[[ Information supplied open ]]
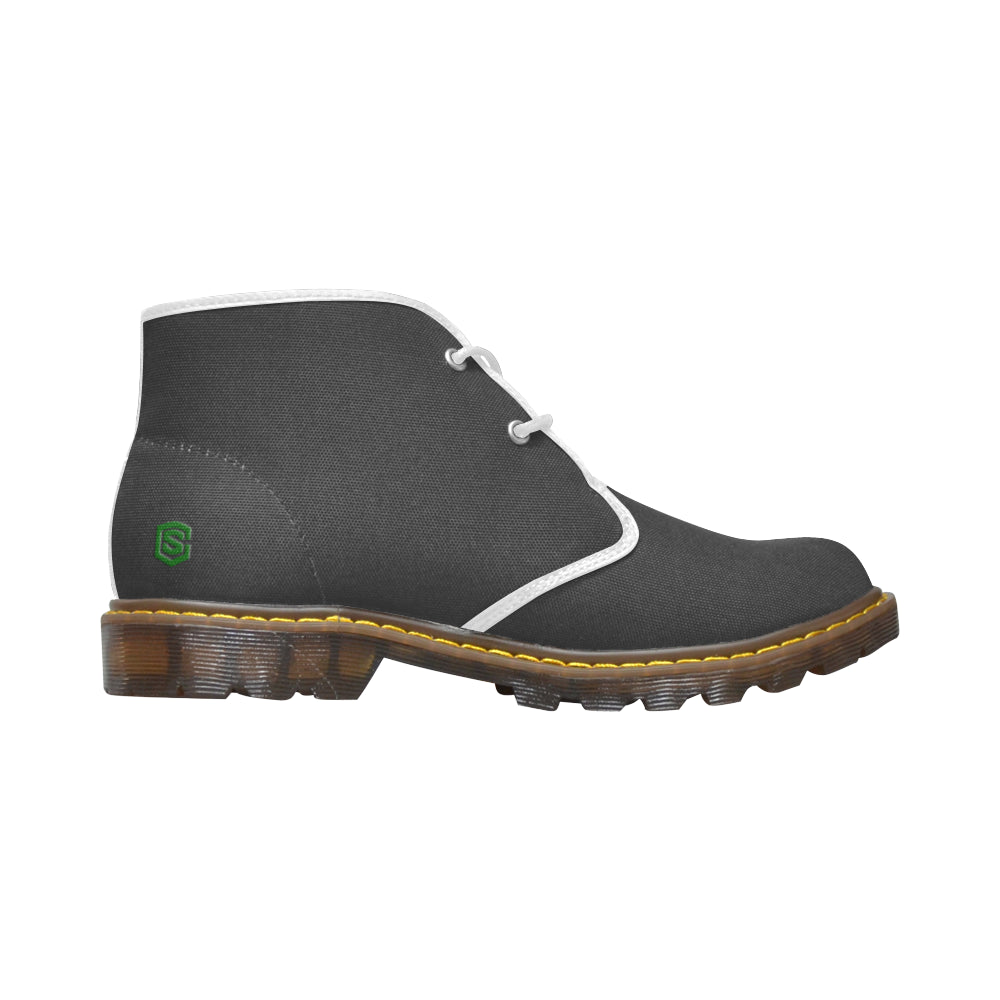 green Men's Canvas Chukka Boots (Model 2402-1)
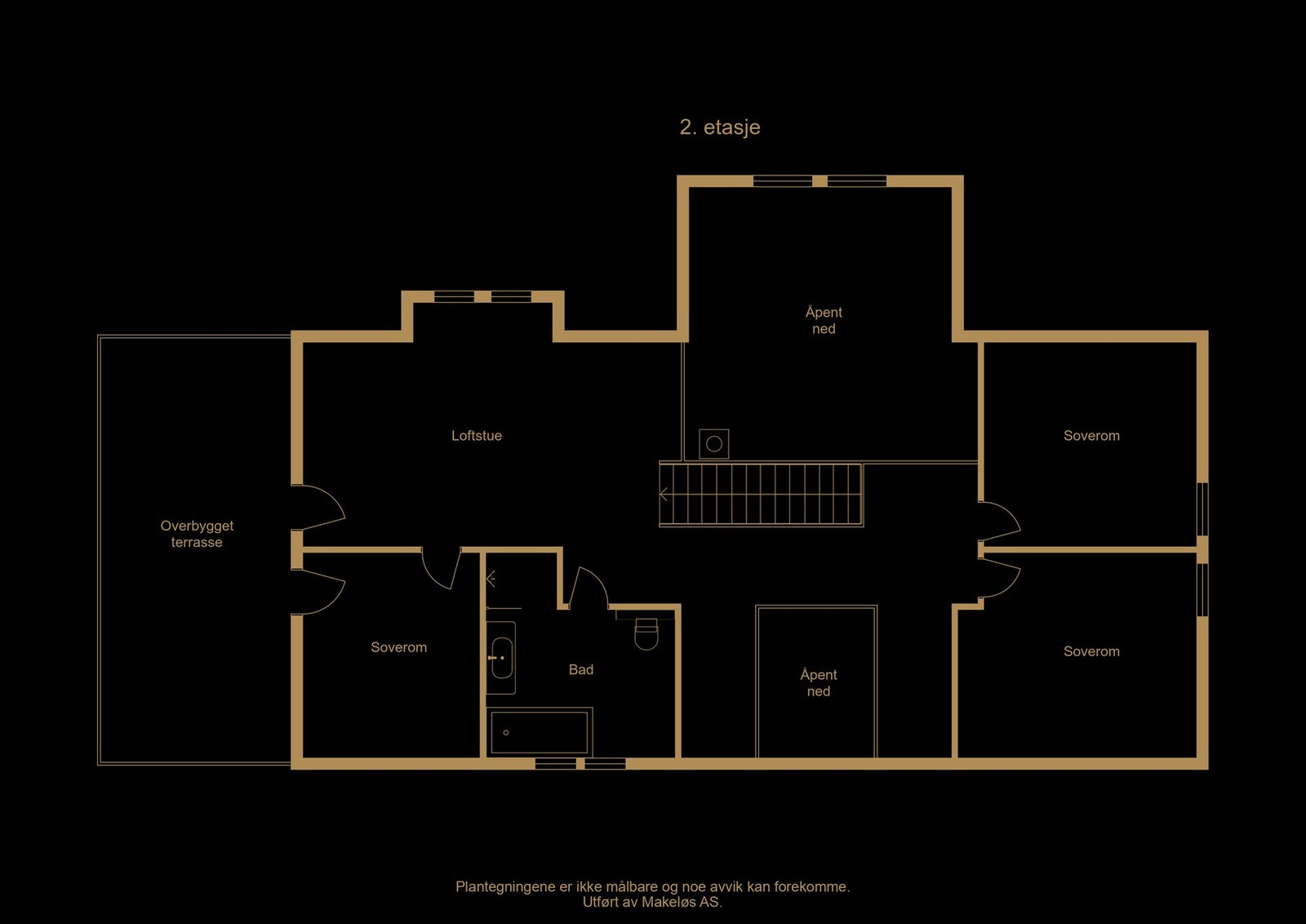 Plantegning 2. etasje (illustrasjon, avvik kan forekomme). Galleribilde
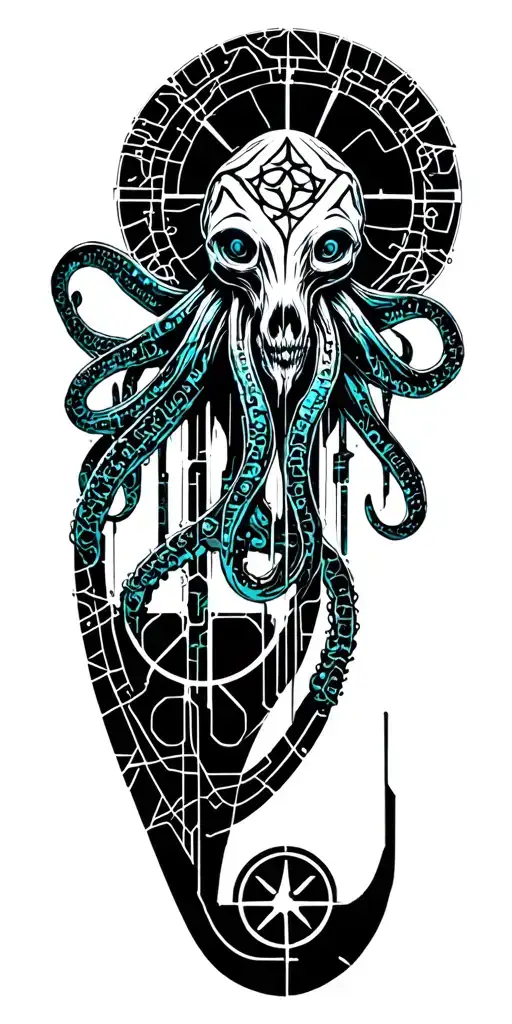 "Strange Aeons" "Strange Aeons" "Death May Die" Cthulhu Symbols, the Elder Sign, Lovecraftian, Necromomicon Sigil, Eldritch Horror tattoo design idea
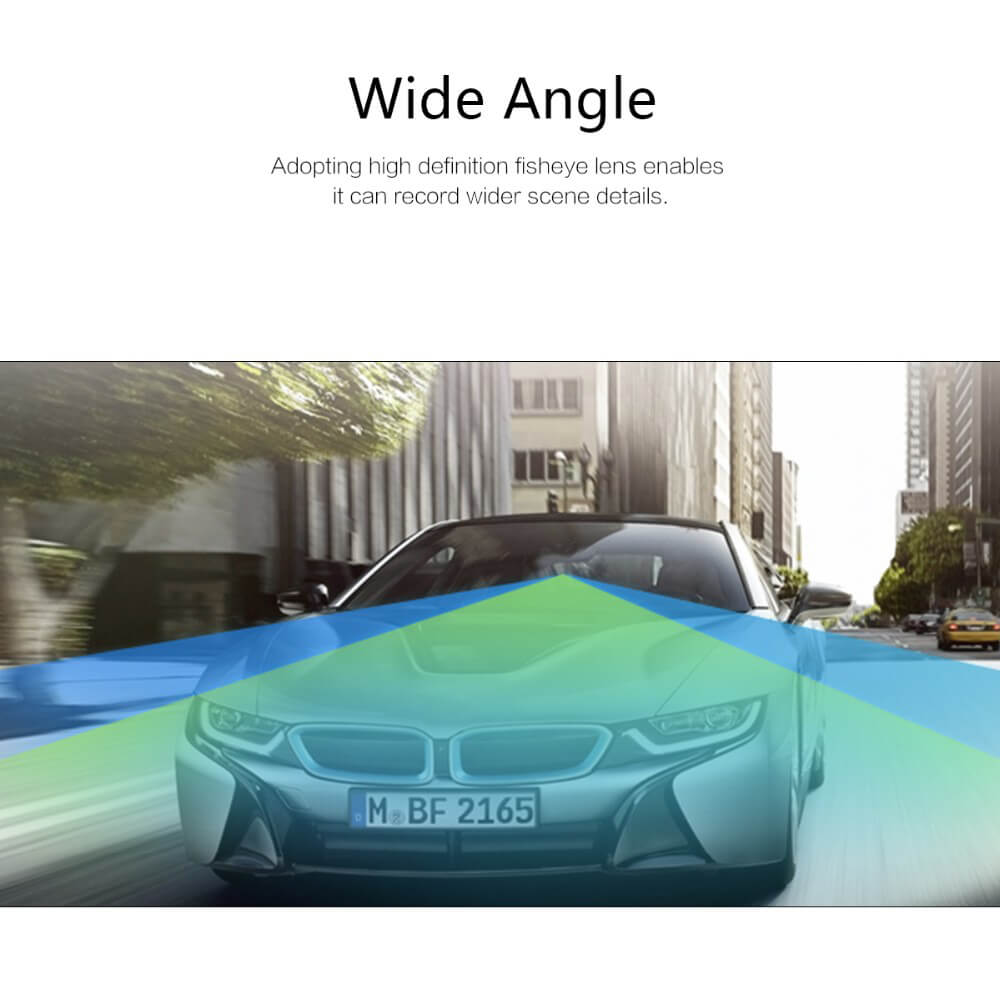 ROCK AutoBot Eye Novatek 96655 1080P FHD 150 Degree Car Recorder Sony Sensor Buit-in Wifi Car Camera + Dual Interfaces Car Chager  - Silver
[[ Information supplied closed ]]
### Directions for this task:
Leave out the pictures, then repeat the listing above exactly from its first line to the line with "tattoo design idea", inclusive.

### Solution below:
 green Men's Canvas Chukka Boots (Model 2402-1)
 Plantegning 2. etasje (illustrasjon, avvik kan forekomme). Galleribilde
 "Strange Aeons" "Strange Aeons" "Death May Die" Cthulhu Symbols, the Elder Sign, Lovecraftian, Necromomicon Sigil, Eldritch Horror tattoo design idea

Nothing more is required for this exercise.